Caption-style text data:
==*==

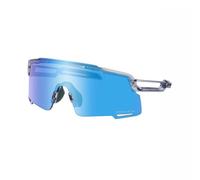 Shimano Equinox 5 Sunglasses Clair Ridescape All Road/CAT3 Mineral Gray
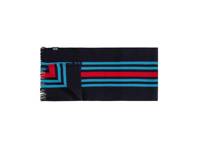 保时捷围巾 – MARTINI RACING® - WAP5500040P0MR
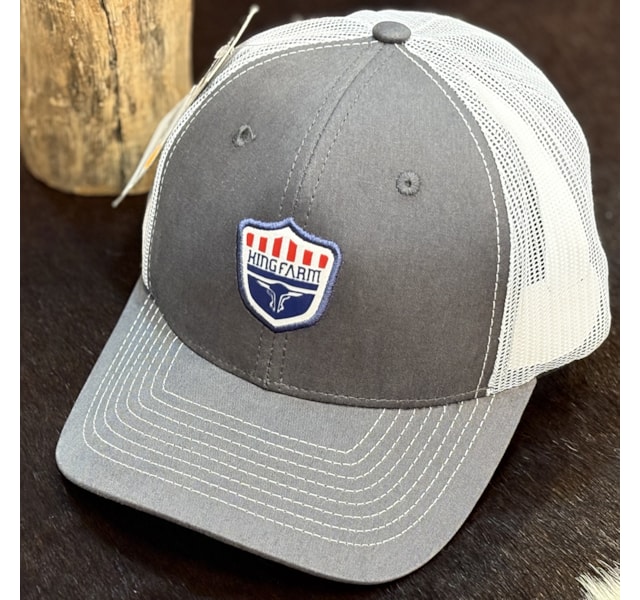 image_f73d2707-26ec-439e-bccc-ffc484c75e0e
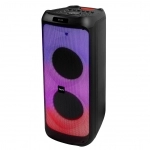 اسپیکر بلوتوثی تسکو مدل TS 2085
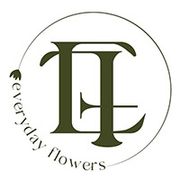 Everyday Flowers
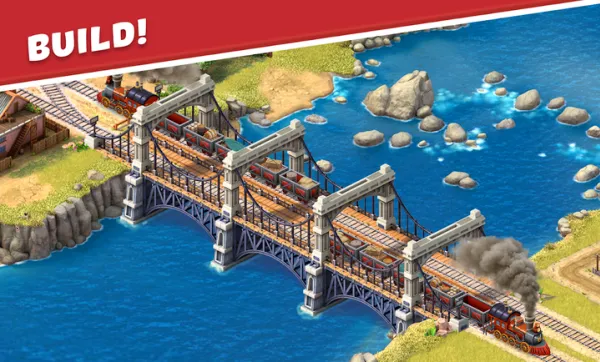 ��Ұ�������н���ģ��2026�ٷ�����v1.0.1158 �ٷ������ͼ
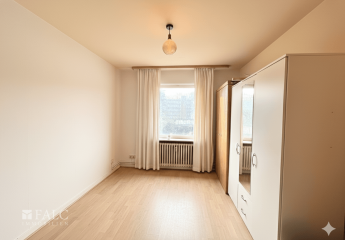 463665-Vorschaubild3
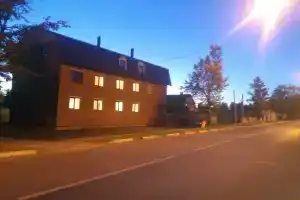 Гостевой дом «Мария», Можайск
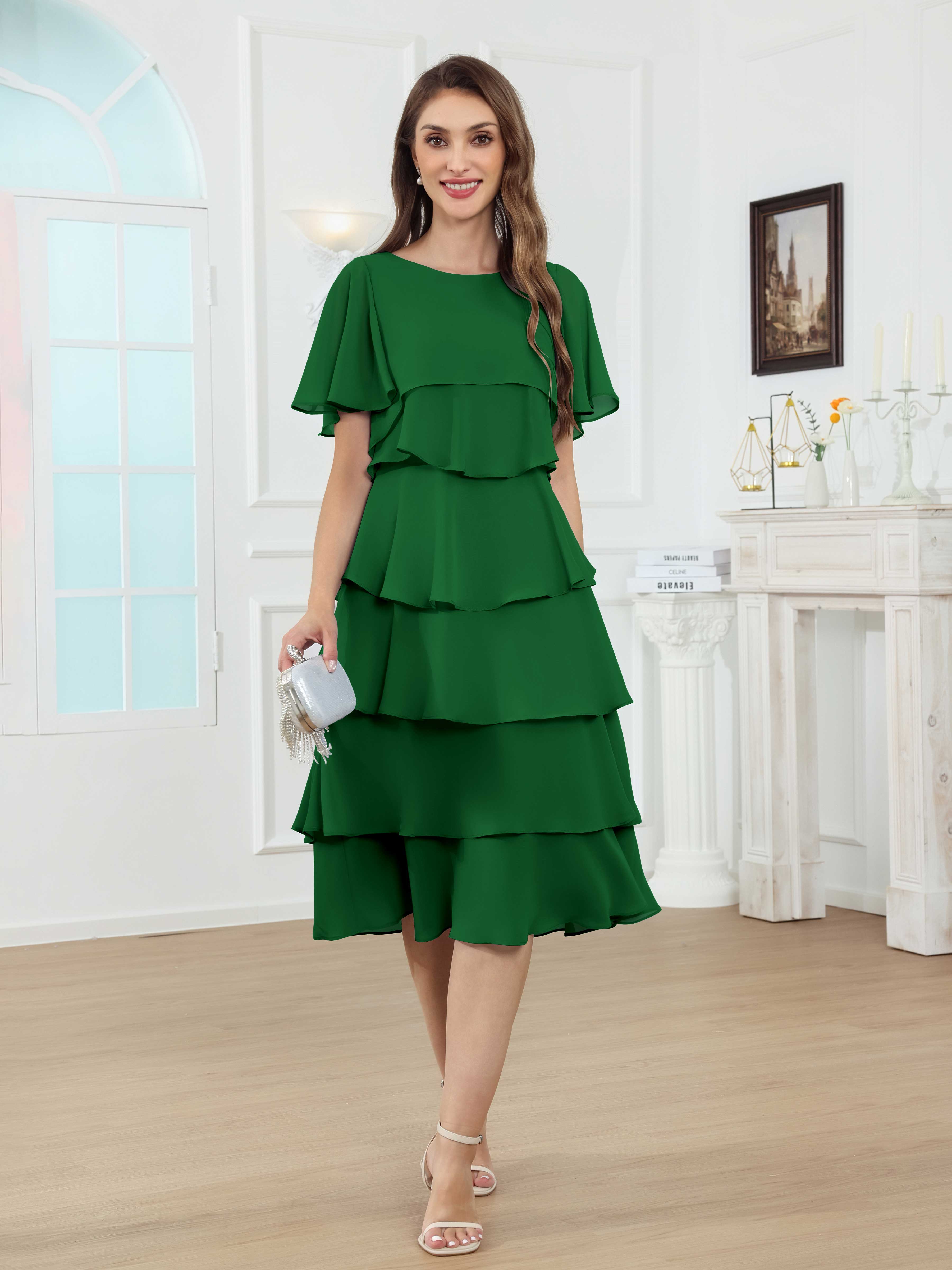 #color_Emerald Green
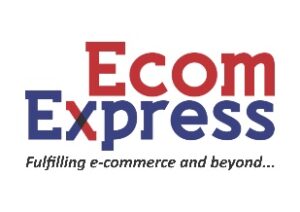 Ecom Express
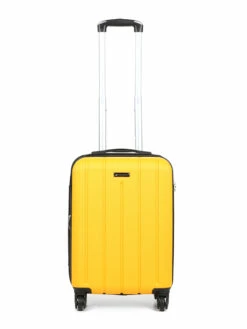 Ensemble 3 Valises Madisson Varanasi 2 23 Ensemble 3 Valises Madisson Varanasi 2 -Delsey Soldes Magasin ensemble valise madisson 883164z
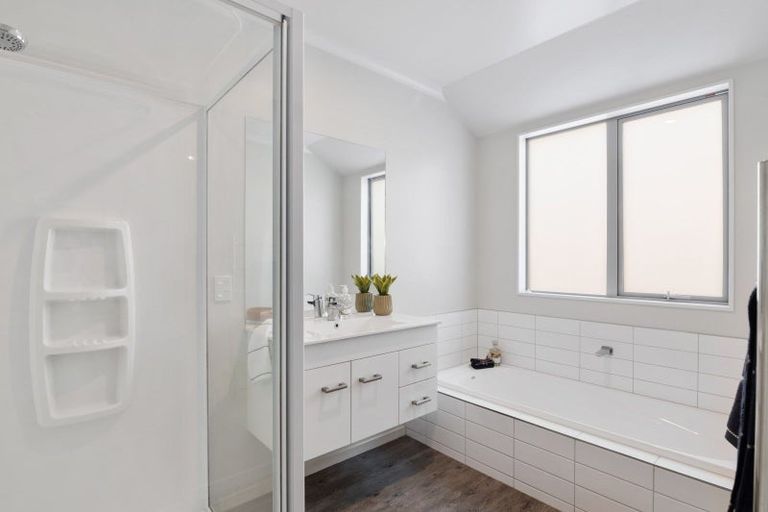 Photo of property in 3 Paretona Street, Motueka, 7120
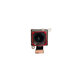 Πίσω Κάμερα 50MP για Xiaomi Mix Flip 2405CPX3DC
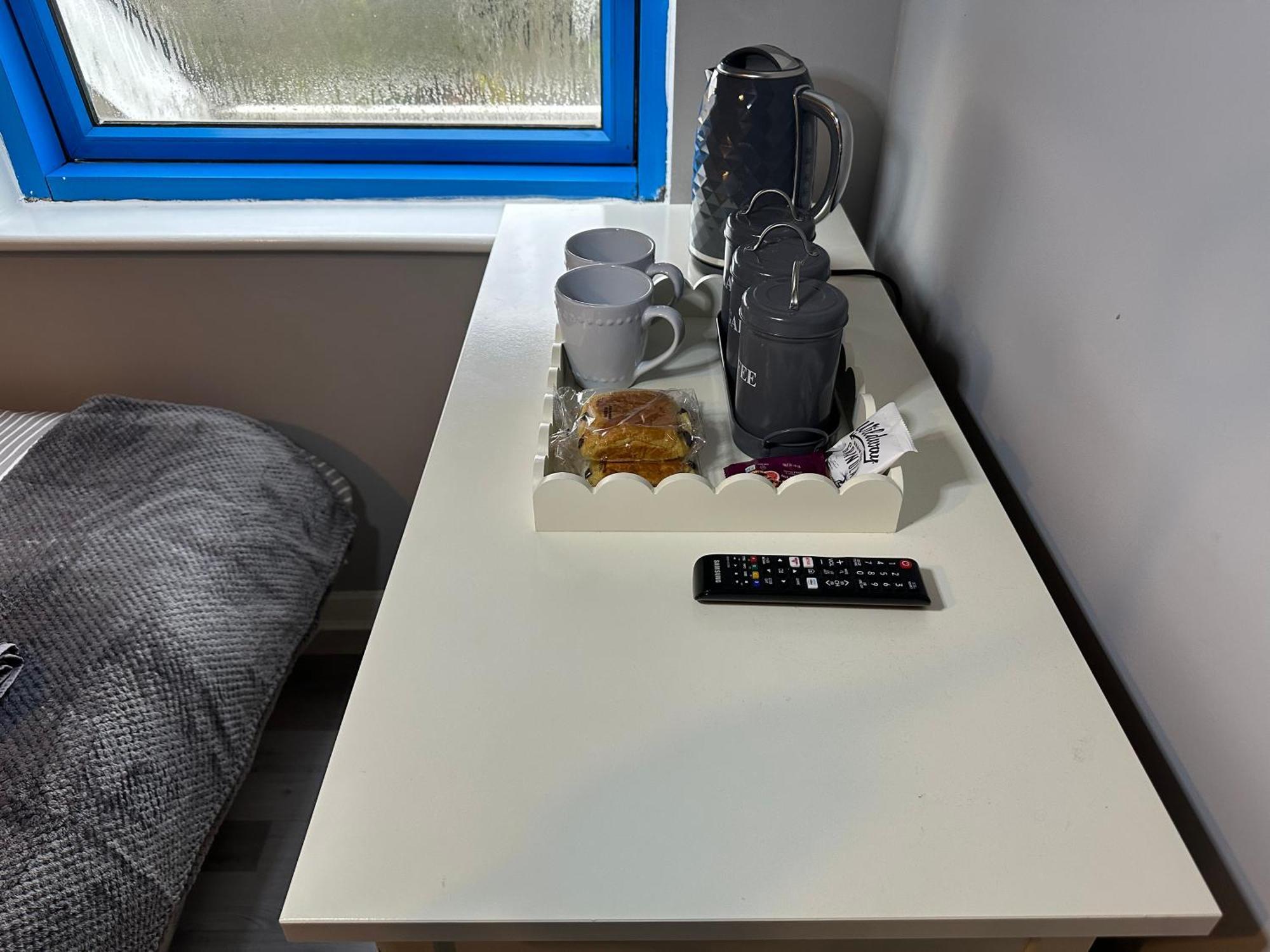 Wembley Serviced Apartment, 20Mins From Central Londen Buitenkant foto
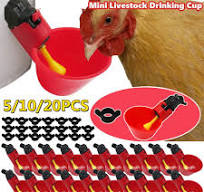LXGKREL Red Para Aves De Corral Muy Resistente Con Malla De 4 Cm De Ancho  De Red Para Gallinas Para Suplementar El Gallinero De 24 Alambres De Nailon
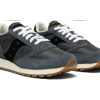Praguechic.shopf185684e53 5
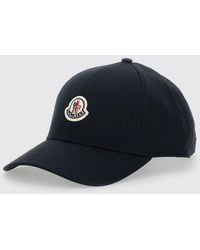Moncler - Hat - Lyst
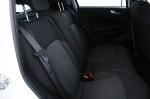 alfa-romeo-giulietta-2019-diesel-1598cc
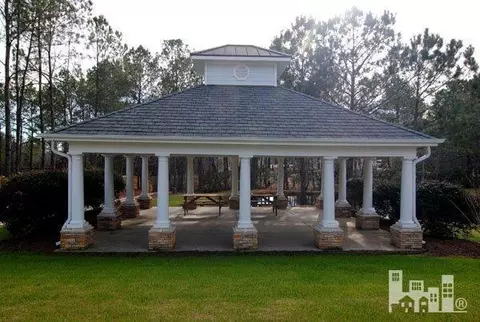 104 Osier Dr, Hampstead, NC 28443 photo 29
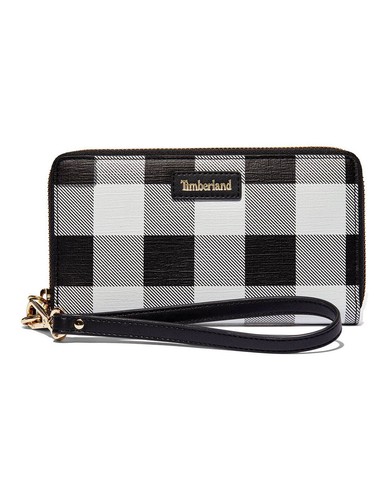 Timberland pochette - timberland,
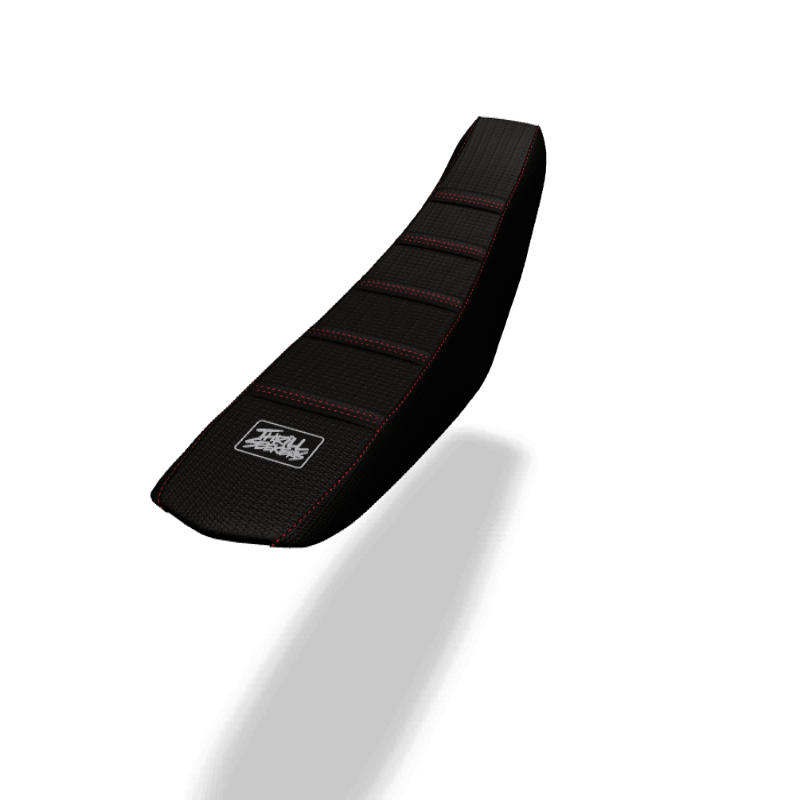 Custom Seat Cover: Yozma IN 10 PRO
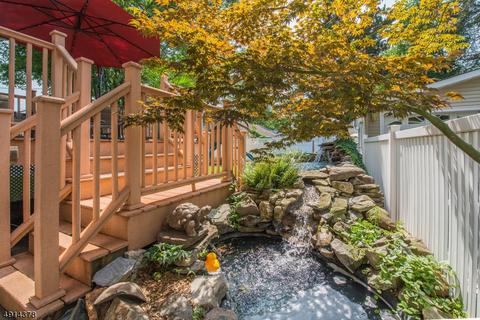 124 Monroe St, Wanaque Boro, NJ 07420 photo 1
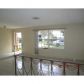 4317 MONROE ST, Hollywood, FL 33021 ID:6900679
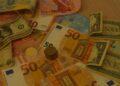 MONNAIE – L’euro repasse sous la barre symbolique des 5 000 ariary depuis lundi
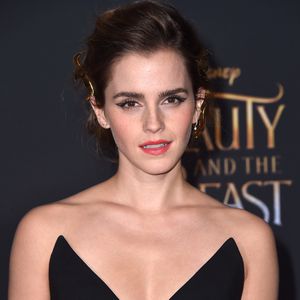 "Schöne & das Biest"-Mysterium: Singt Emma Watson wirklich?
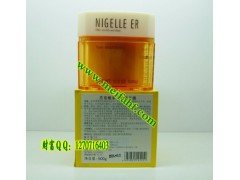 威娜直发膏,恋佳靓系可瑞芮发膜ER 500ml图3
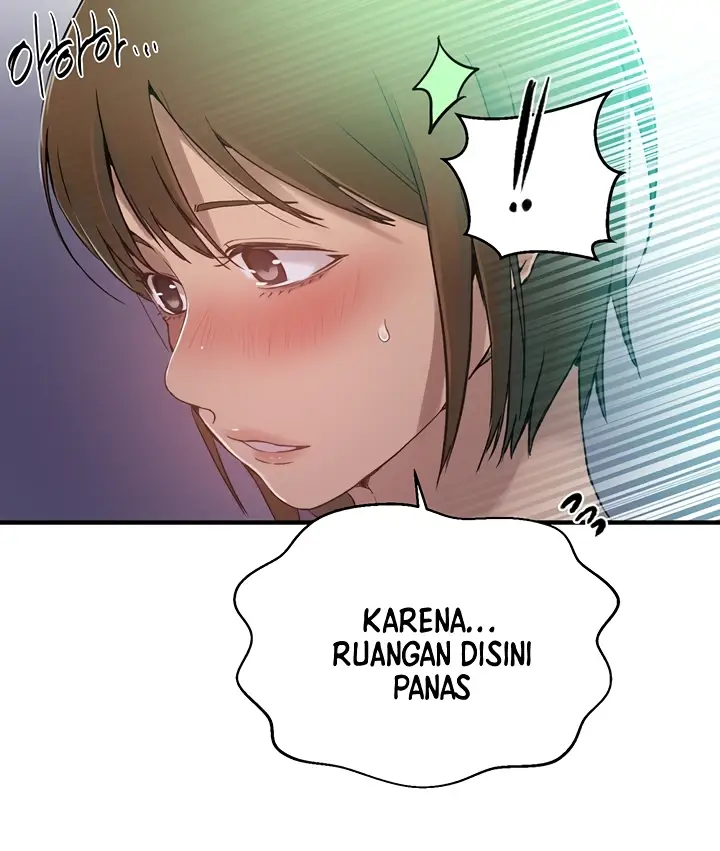 image-komik-secret-class-chapter-181-10/99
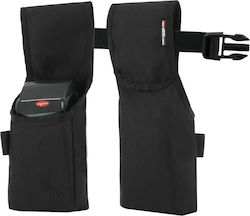 Mobilis Accesorii POS Mobilis Accesorii POS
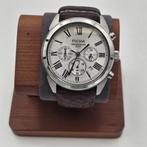 Pulsar VD53-X002 Chronograaf horloge - Nette staat
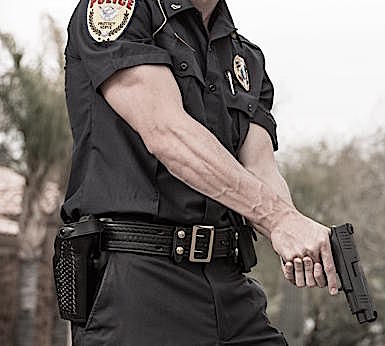 cop-gun-drawn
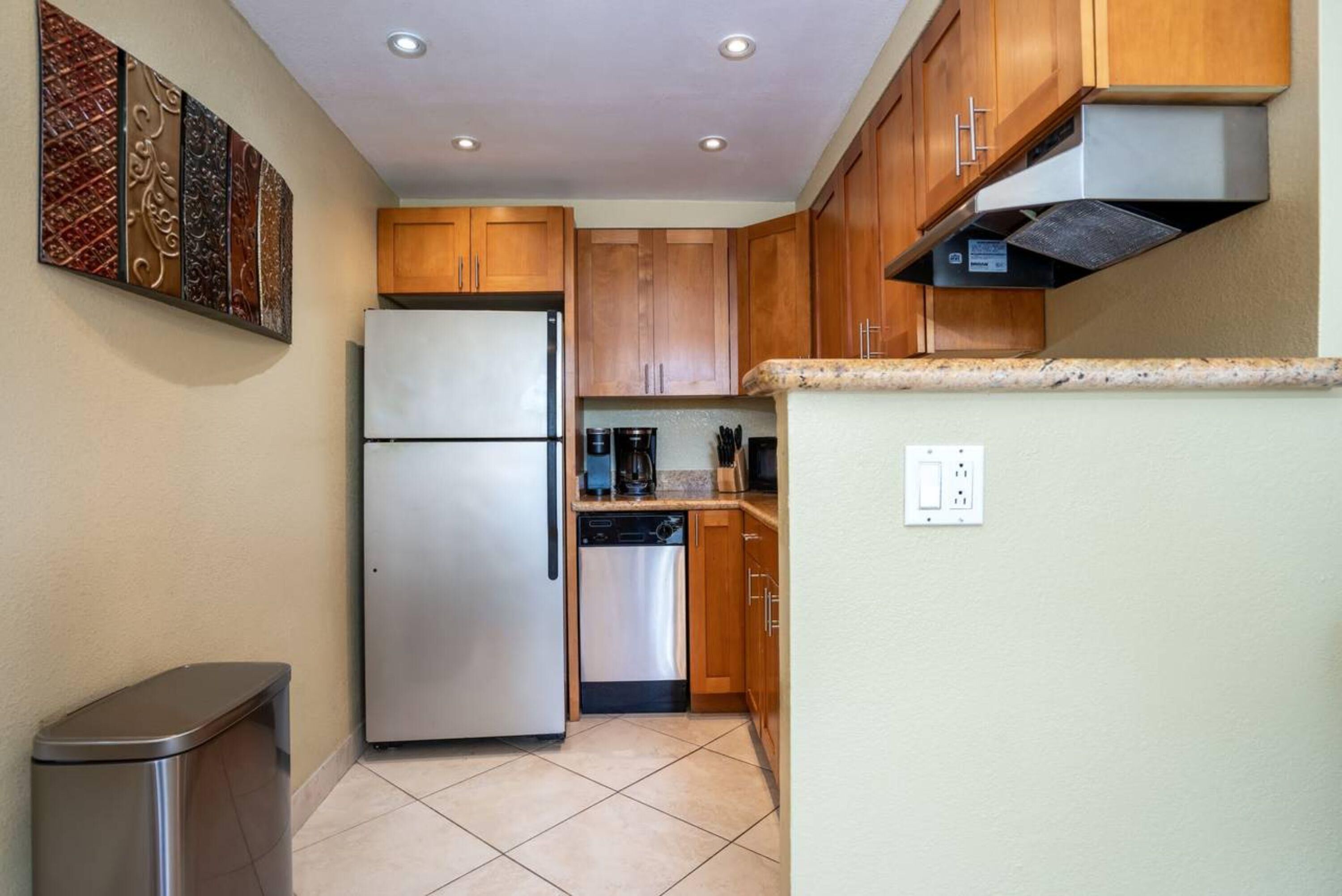 Paki Maui by Coldwell Banker Island Vacations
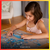 Rompecabezas Puzzle Animales 48 Y 100 Piezas Juego De Mesa en internet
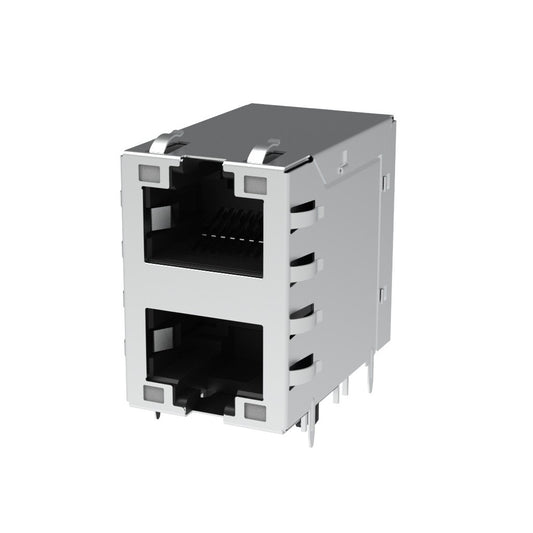 RJMG2210Q4435NR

==*==

PROBLEM DESCRIPTION:
Output only the lines running from the one containing "威娜直发膏,恋佳靓系可瑞芮发膜ER 500ml图3" to the end of the records, inclusive and exact; skip the pictures.

RESULT FOR THIS TASK:
 威娜直发膏,恋佳靓系可瑞芮发膜ER 500ml图3
 image-komik-secret-class-chapter-181-10/99
 Mobilis Accesorii POS Mobilis Accesorii POS
 Pulsar VD53-X002 Chronograaf horloge - Nette staat
 cop-gun-drawn
 Paki Maui by Coldwell Banker Island Vacations
 Rompecabezas Puzzle Animales 48 Y 100 Piezas Juego De Mesa en internet
 RJMG2210Q4435NR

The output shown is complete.